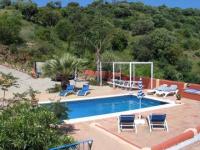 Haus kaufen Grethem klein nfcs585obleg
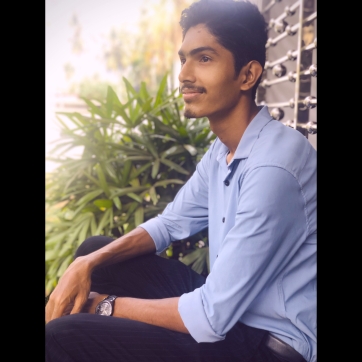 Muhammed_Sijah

____

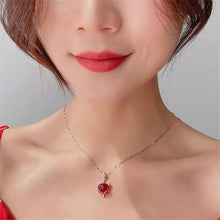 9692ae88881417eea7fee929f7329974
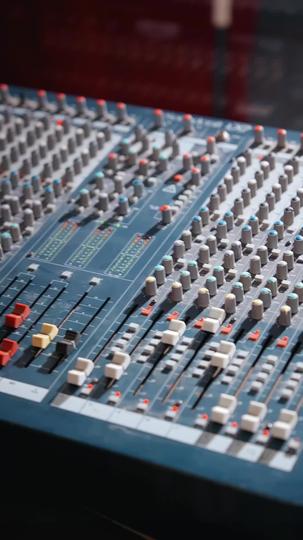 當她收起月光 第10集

____

| Try it |
The answer must be the part of the records that opens with the line containing "9692ae88881417eea7fee929f7329974" and closes with the line containing "當她收起月光 第10集", reproduced exactly, with no pictures.

| Your response |
 9692ae88881417eea7fee929f7329974
 當她收起月光 第10集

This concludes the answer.